(ASI) - Con la nuova manovra, il governo vorrebbe tassare i giganti del Web, da Google ad Amazon fino a Facebook, multinazionali che producono utili miliardari e pagano delle imposte minime.

 

Finora hanno sempre scampato il pericolo, grazie alla protezione delle rispettive lobby. In Italia, il tentativo dei precedenti governi di tassare i colossi della rete è fallito ma Confesercenti è appena tornata all’attacco: "L’evasione si combatte facendo pagare i giganti del web", ha detto la presidente Patrizia De Luise.

Al ministero dell’Economia hanno deciso di copiare la ‘Gafe Tax’ dei francesi. Dal 2020 dovrebbe scattare anche in Italia un’imposta del 3% sui ricavi delle imprese digitali con fatturati superiori ai 750 milioni o con un valore della prestazioni di servizi digitali superiori ai 5,5 milioni. L’obiettivo è di far arrivare nelle casse dell’erario non meno di 600 milioni di euro. Le grandi aziende del web sono ‘apolidi’, vendono bit e prodotti immateriali che abbattono le barriere del tempo e dello spazio.

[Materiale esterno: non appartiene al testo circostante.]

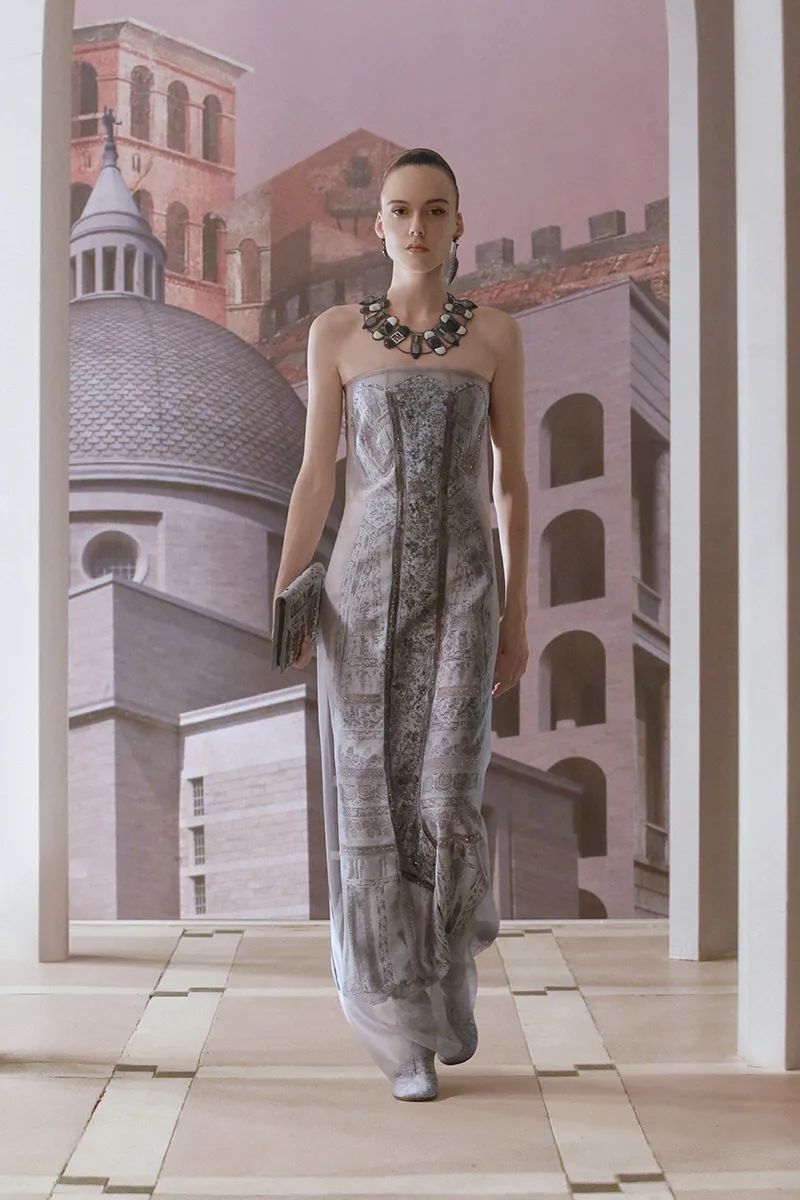 2023年明星穿过的高定,又大又繁琐的高定系列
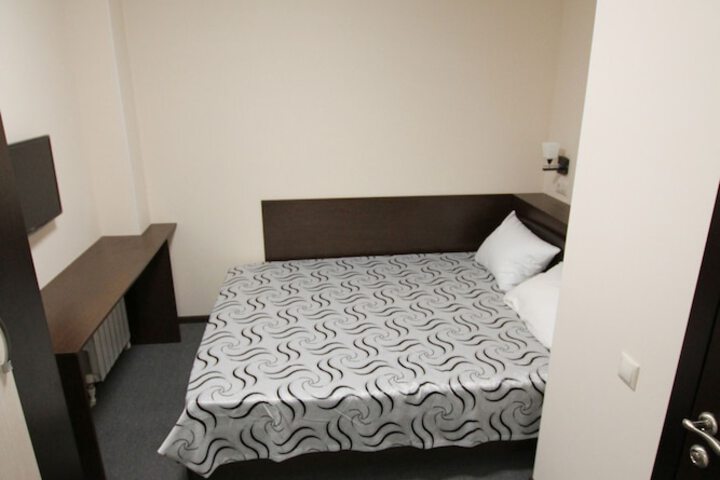 Room 19 of 51
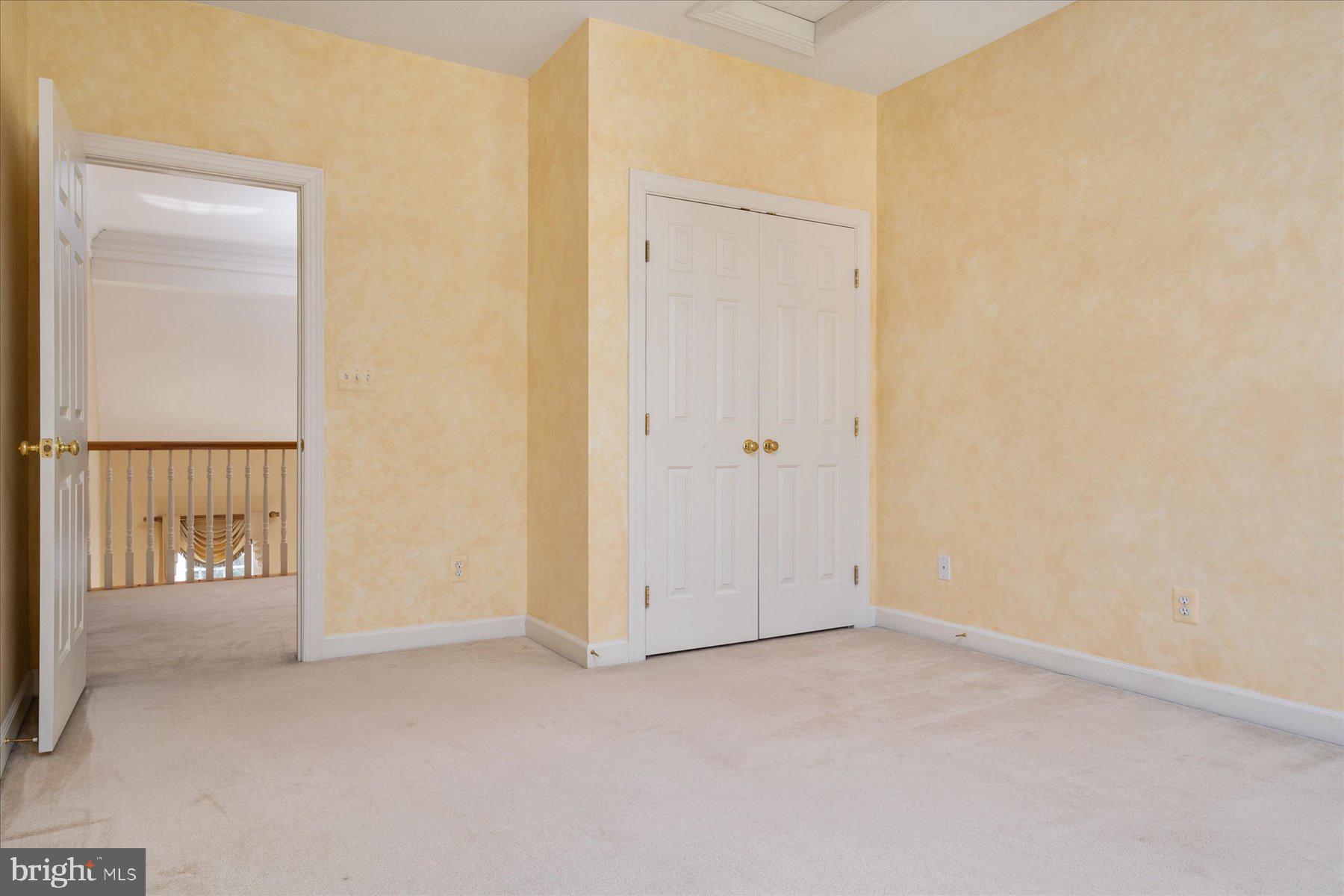 RESERVOIR OVERLOOK - Residential Lease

Così diventa facile per loro aggirare il principio della ‘stabile organizzazione’, la norma cardine che consente di tassare le multinazionali dell’old economy.

La scorsa settimana è toccato all’Ocse presentare una proposta di compromesso, cercando di cambiare le regole su chi ha il diritto di tassare i profitti: non più il Paese dove la multinazionale sceglie di dichiararli ma dove si trovano gli utenti consumatori. Il piano è arrivato sul tavolo del G20 e anche a Bruxelles si sta muovendo qualcosa, tanto che è stata addirittura varata una vera e propria direttiva sulla ‘Web Tax’.